- Austrália se destaca como maior doadora de ajuda ao Pacífico, devendo fornecer 43% da assistência oficial de desenvolvimento até 2028, enquanto China amplia o alcance com financiamentos menores, porém mais frequentes.
- A assistência oficial de desenvolvimento para o Pacífico caiu 16% em 2023, totalizando US$ 3,6 bilhões, segundo o Lowy Institute.
- O relatório aponta que a redução da ajuda dos Estados Unidos prejudica a posição da região, abrindo espaço para a China se apresentar como parceiro confiável.
- Riley Duke, autor do estudo, diz que a estabilidade da ajuda australiana e o aumento de financiamentos de infraestrutura ajudam a mitigar os efeitos das quedas de outros doadores.
- A Austrália trabalha com Fiji e Papua Nova Guiné para melhorar a resposta a desastres; Nova Zelândia assumirá o comando regional de um grupo de resposta a partir de 2026, conforme reunião de ministros da defesa do Pacífico em 2025.

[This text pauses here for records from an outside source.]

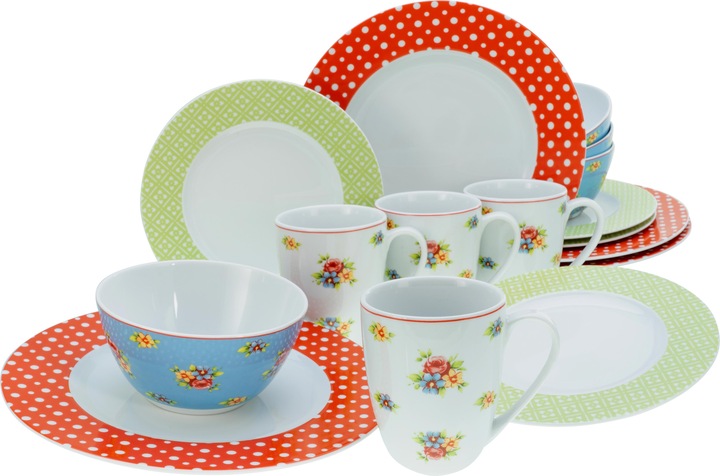 Produktbild CreaTable Emily (16 Stück)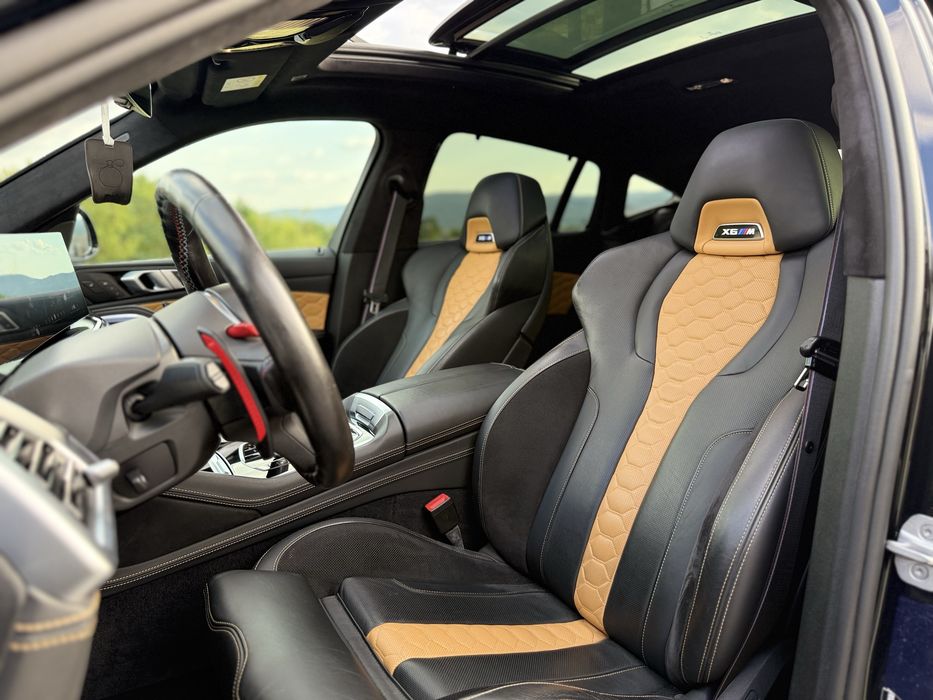 BMW X6 M Competition 4.4 V8 625cp FaceLift
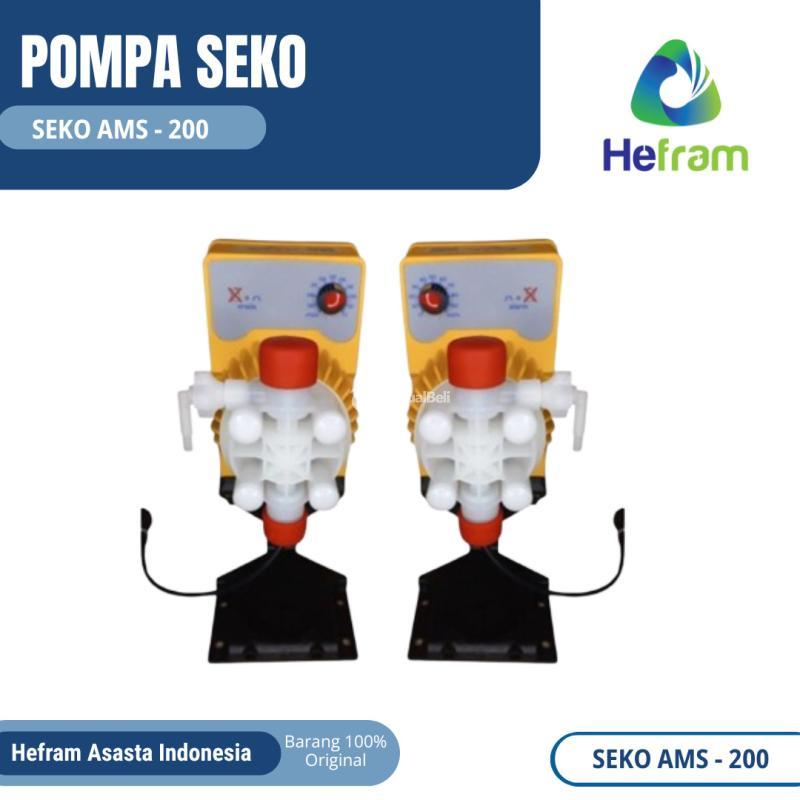 Pompa Dosing Seko AMS-200 - Bogor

Relatórios recentes indicam que a Austrália se destaca como o maior doador de ajuda ao Pacífico, enquanto a influência da China na região cresce. O estudo do Lowy Institute revela que a assistência oficial de desenvolvimento (ODF) para o Pacífico caiu 16% em 2023, totalizando US$ 3,6 bilhões, marcando o segundo ano consecutivo de queda. Ao mesmo tempo, a Austrália deve fornecer 43% da ODF regional até 2028, superando em mais de duas vezes o apoio combinado de Japão, EUA e outros aliados.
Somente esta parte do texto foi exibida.